▸ Problem statement:
Locate "Meet your Posher, April" in the data below, then output the line it is on and all following lines through the last, word for word. Skip any pictures.

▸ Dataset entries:
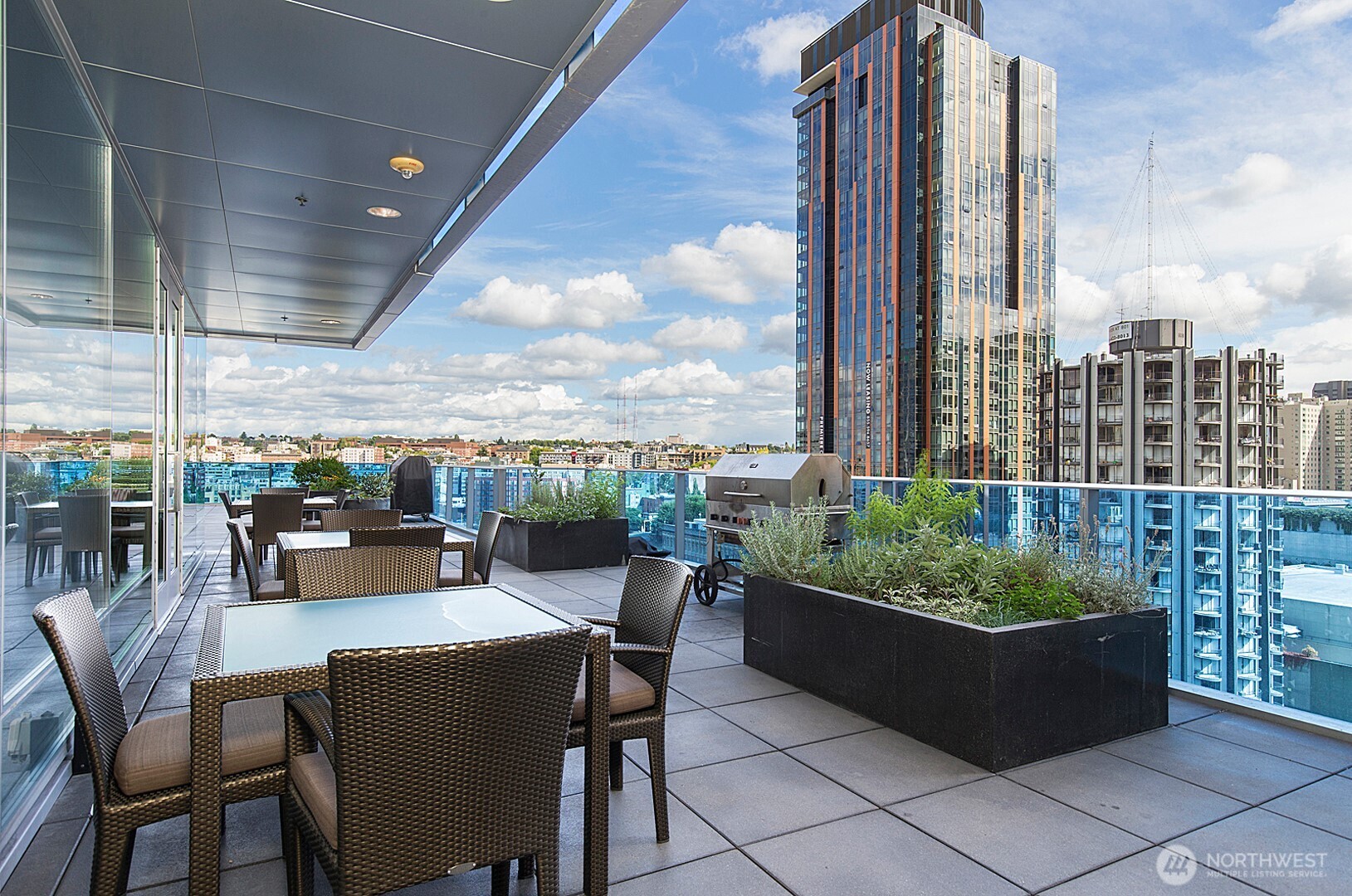 737 Olive Way, Unit 2706 Seattle, WA 98101 - Photo 21 of 24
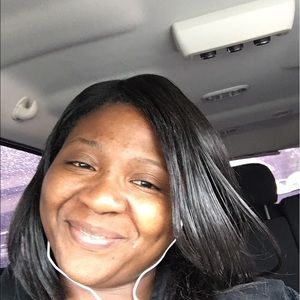 Meet your Posher, April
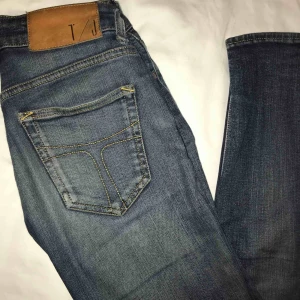  - Snygga Tiger of Sweden jeans. Säljer pga använder inte längre. Har gått sönder en gång (som man ser på tredje bilden) men är lagat & syns inte. Modell: Slight. Sitter alltså väldigt tight. Frakten ingår i priset! :)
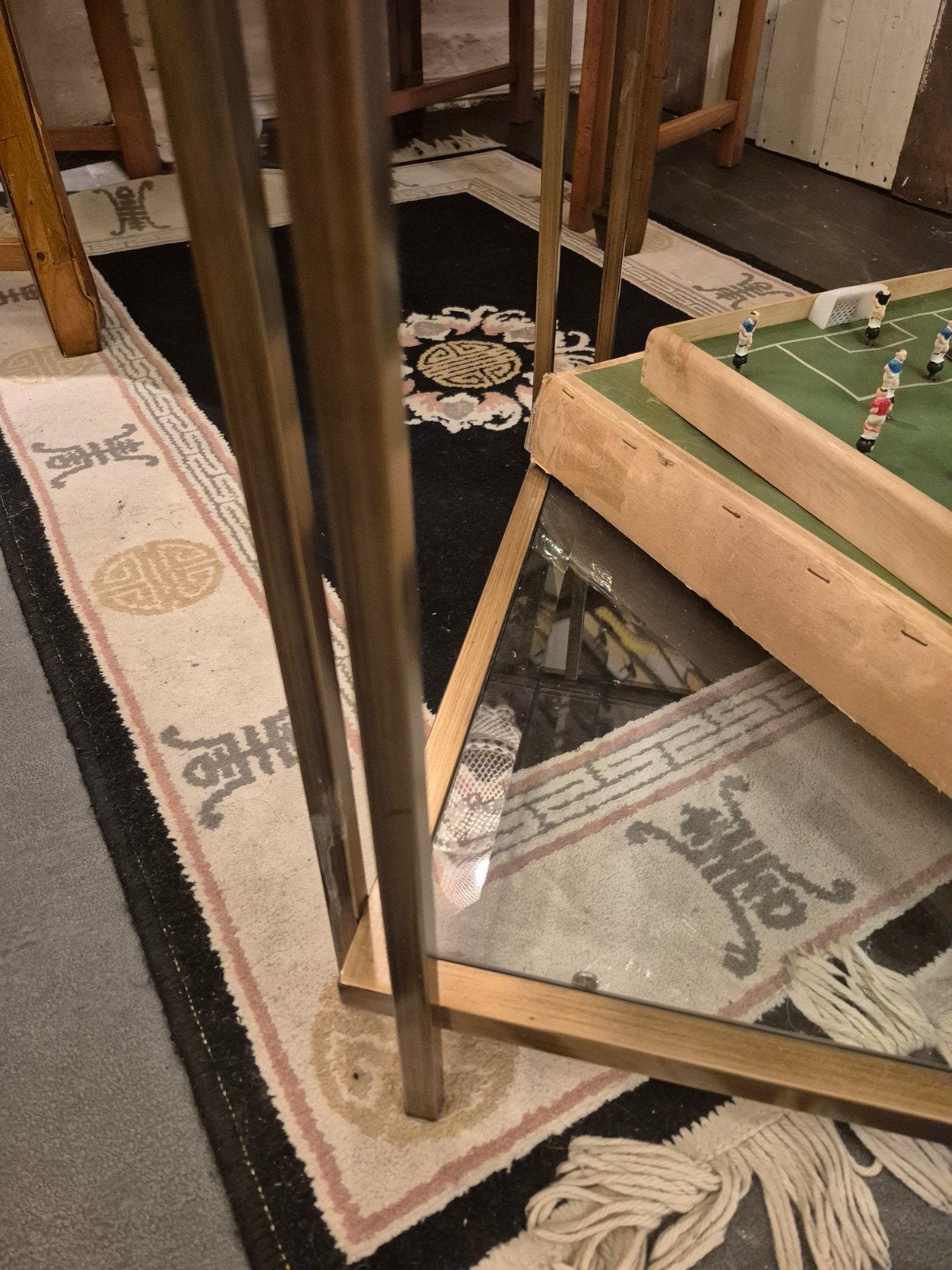 Vintage Salontafel met Glazen Blad met messing rand, Ophalen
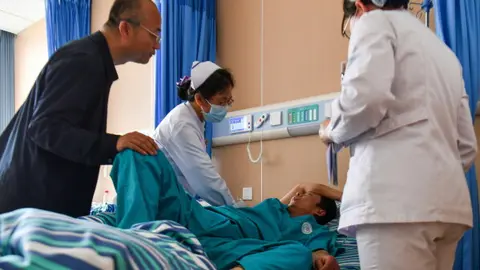 Mineros lograron ser evacuados con vida y fueron llevados a hospitales. / AP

▸ Reply to the task:
 Meet your Posher, April
  - Snygga Tiger of Sweden jeans. Säljer pga använder inte längre. Har gått sönder en gång (som man ser på tredje bilden) men är lagat & syns inte. Modell: Slight. Sitter alltså väldigt tight. Frakten ingår i priset! :)
 Vintage Salontafel met Glazen Blad met messing rand, Ophalen
 Mineros lograron ser evacuados con vida y fueron llevados a hospitales. / AP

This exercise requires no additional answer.